* **PROBLEM REQUIREMENTS**
Output the data below only from the line containing "MERCEDES-BENZ Clase GLE GLE 500 e 4MATIC" up to and including the line containing "1pc Paw Patrol", exact and with the pictures left out.

[Dataset entries]
★ ★ ★ ★

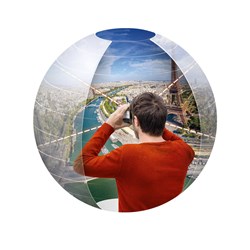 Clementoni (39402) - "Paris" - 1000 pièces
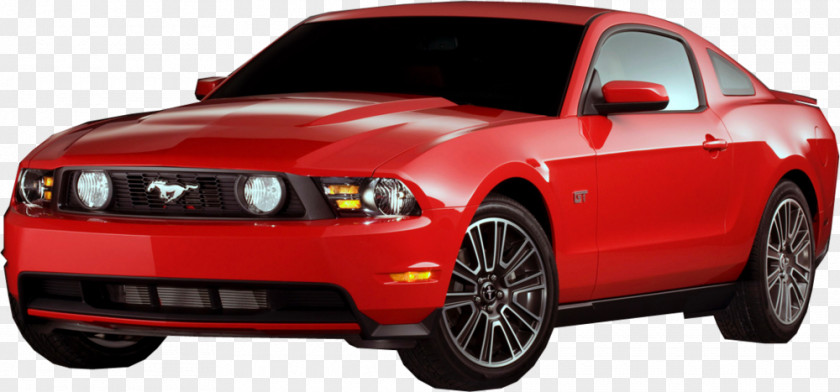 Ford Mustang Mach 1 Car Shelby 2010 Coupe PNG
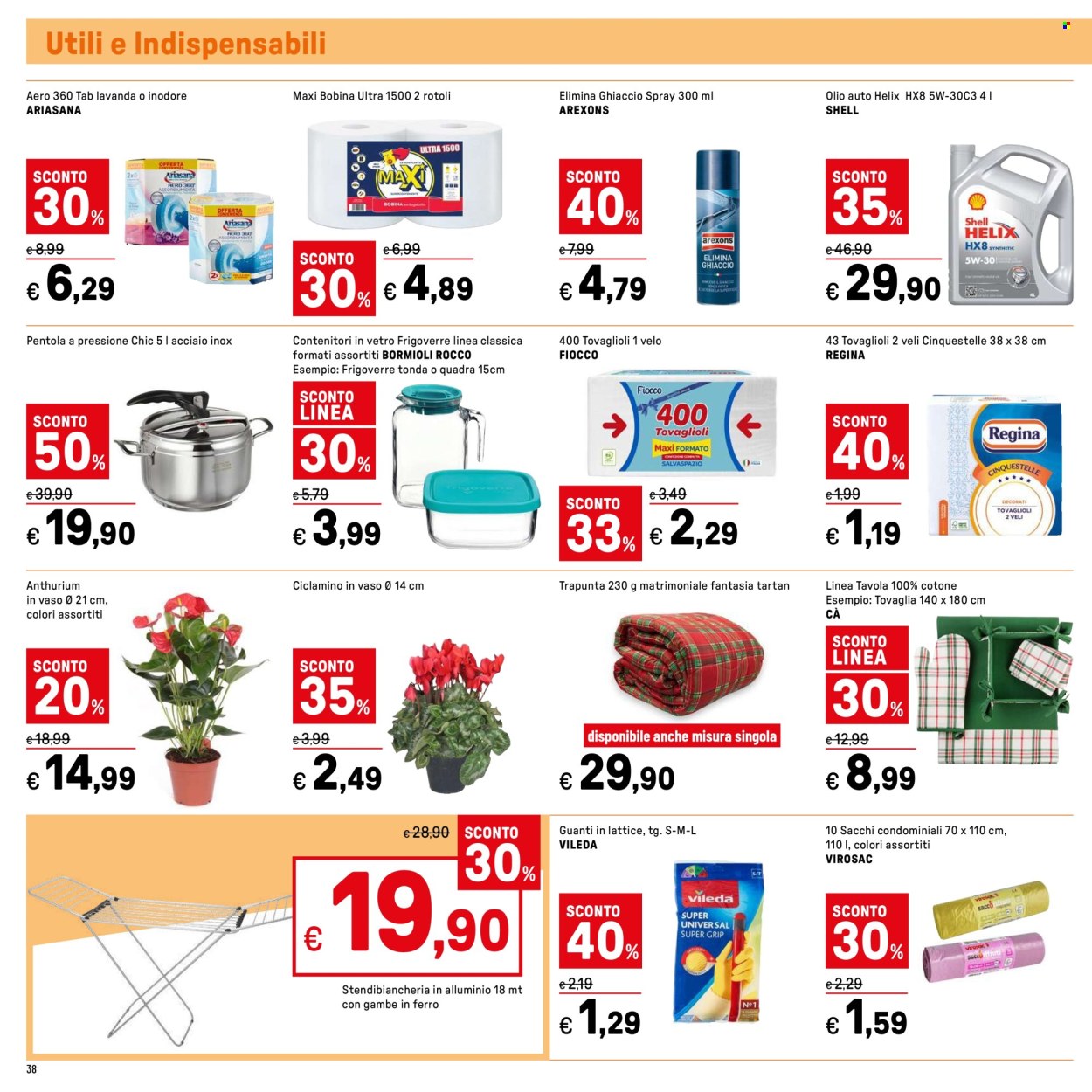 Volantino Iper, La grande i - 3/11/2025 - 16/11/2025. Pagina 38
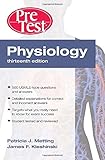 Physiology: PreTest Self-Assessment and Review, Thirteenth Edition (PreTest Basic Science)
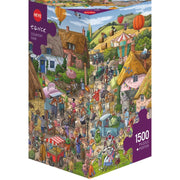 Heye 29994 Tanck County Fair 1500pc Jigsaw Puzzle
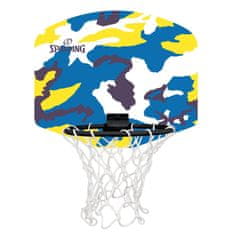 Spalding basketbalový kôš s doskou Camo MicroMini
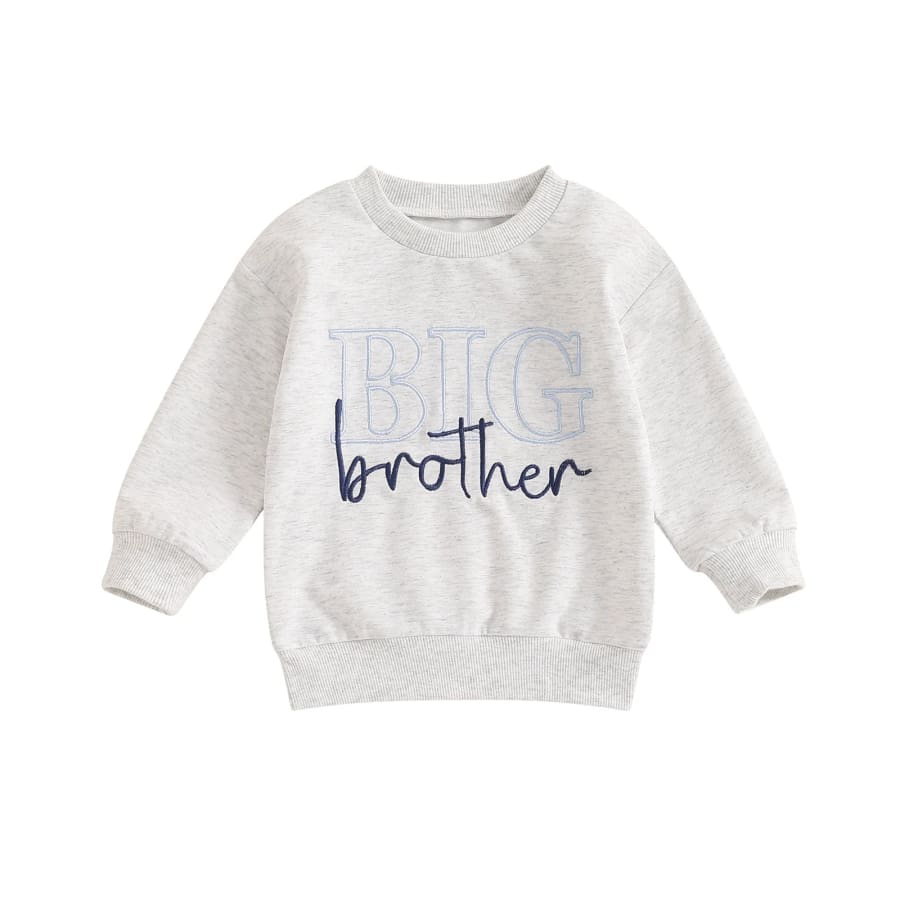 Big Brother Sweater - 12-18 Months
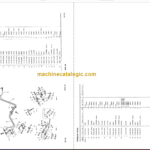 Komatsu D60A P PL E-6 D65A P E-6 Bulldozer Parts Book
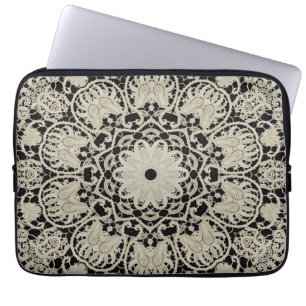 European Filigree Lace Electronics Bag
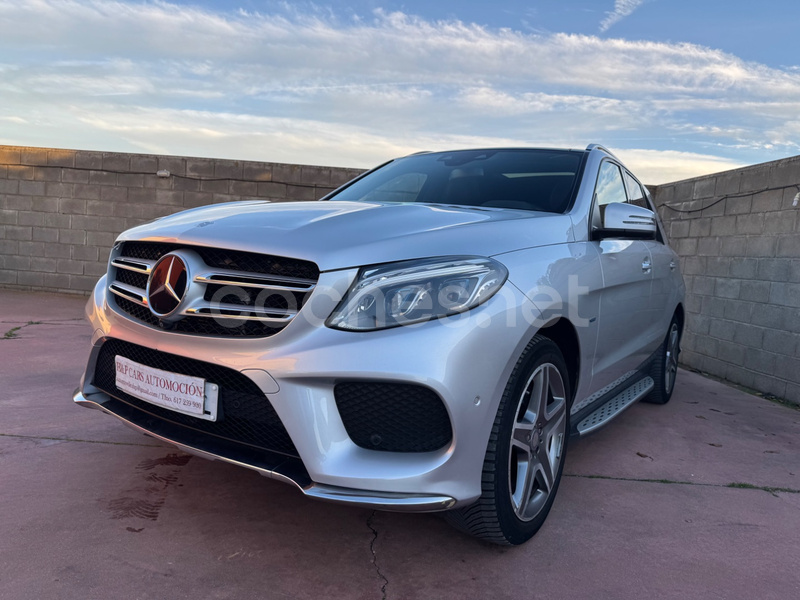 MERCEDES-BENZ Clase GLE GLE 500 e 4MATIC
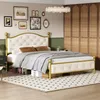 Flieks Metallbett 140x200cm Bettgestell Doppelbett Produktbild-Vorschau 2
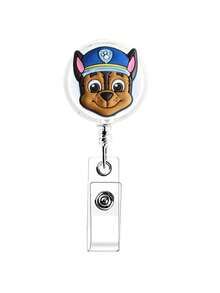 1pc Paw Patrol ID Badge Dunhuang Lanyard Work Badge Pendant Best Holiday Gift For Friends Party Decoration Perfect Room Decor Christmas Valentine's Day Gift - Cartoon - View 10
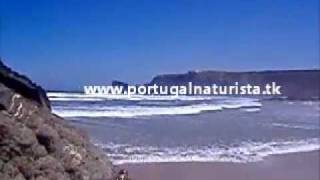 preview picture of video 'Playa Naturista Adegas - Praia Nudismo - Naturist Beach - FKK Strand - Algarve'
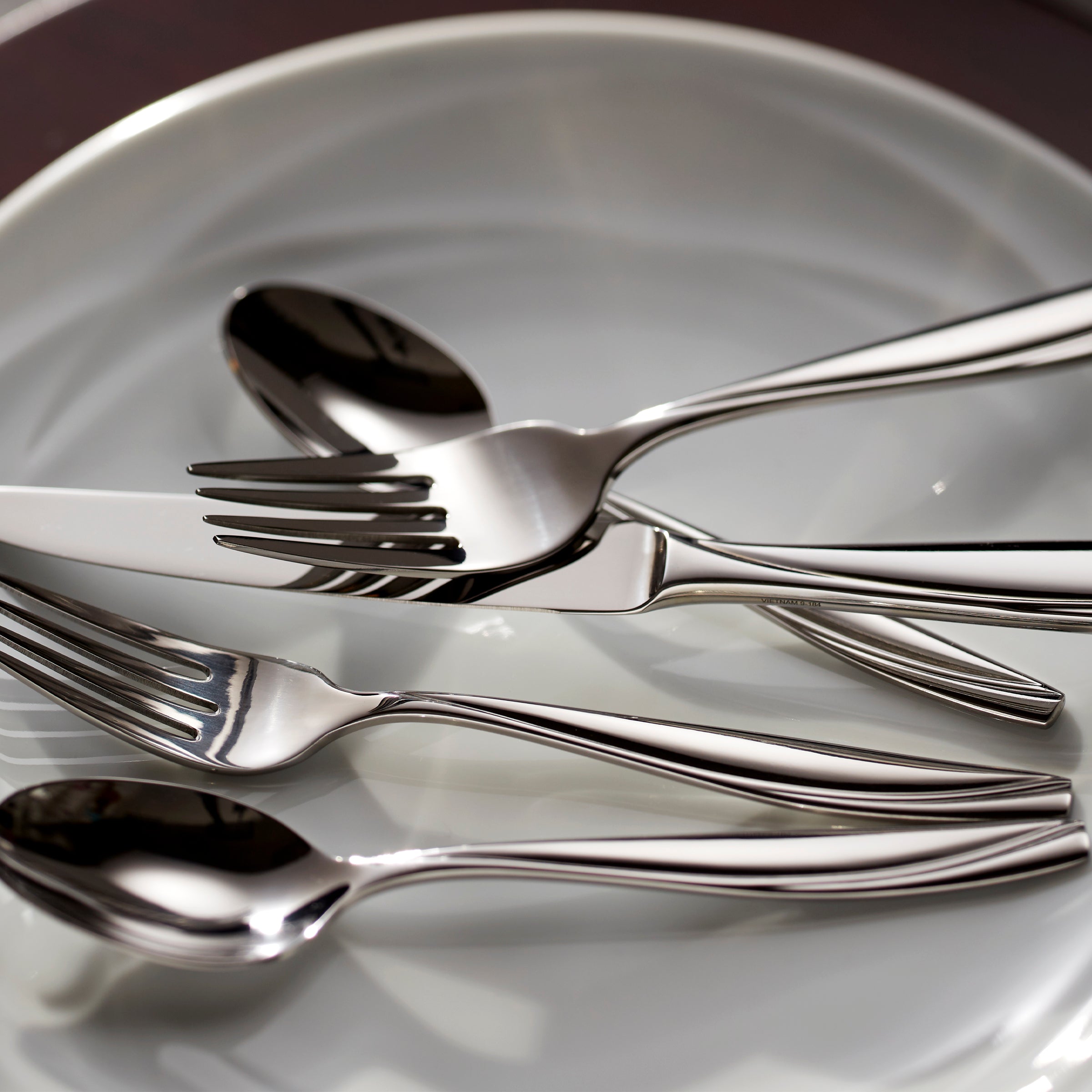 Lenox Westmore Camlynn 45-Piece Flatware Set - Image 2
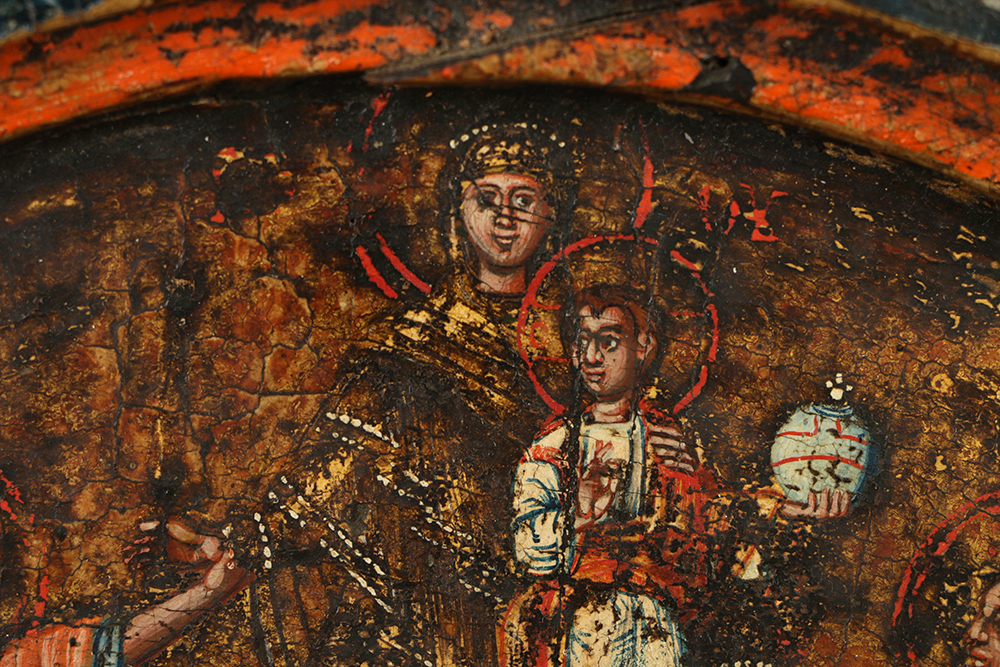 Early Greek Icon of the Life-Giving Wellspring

★ ★ ★ ★

* **EXERCISE RESPONSE**
 MERCEDES-BENZ Clase GLE GLE 500 e 4MATIC
 Flieks Metallbett 140x200cm Bettgestell Doppelbett Produktbild-Vorschau 2
 1pc Paw Patrol ID Badge Dunhuang Lanyard Work Badge Pendant Best Holiday Gift For Friends Party Decoration Perfect Room Decor Christmas Valentine's Day Gift - Cartoon - View 10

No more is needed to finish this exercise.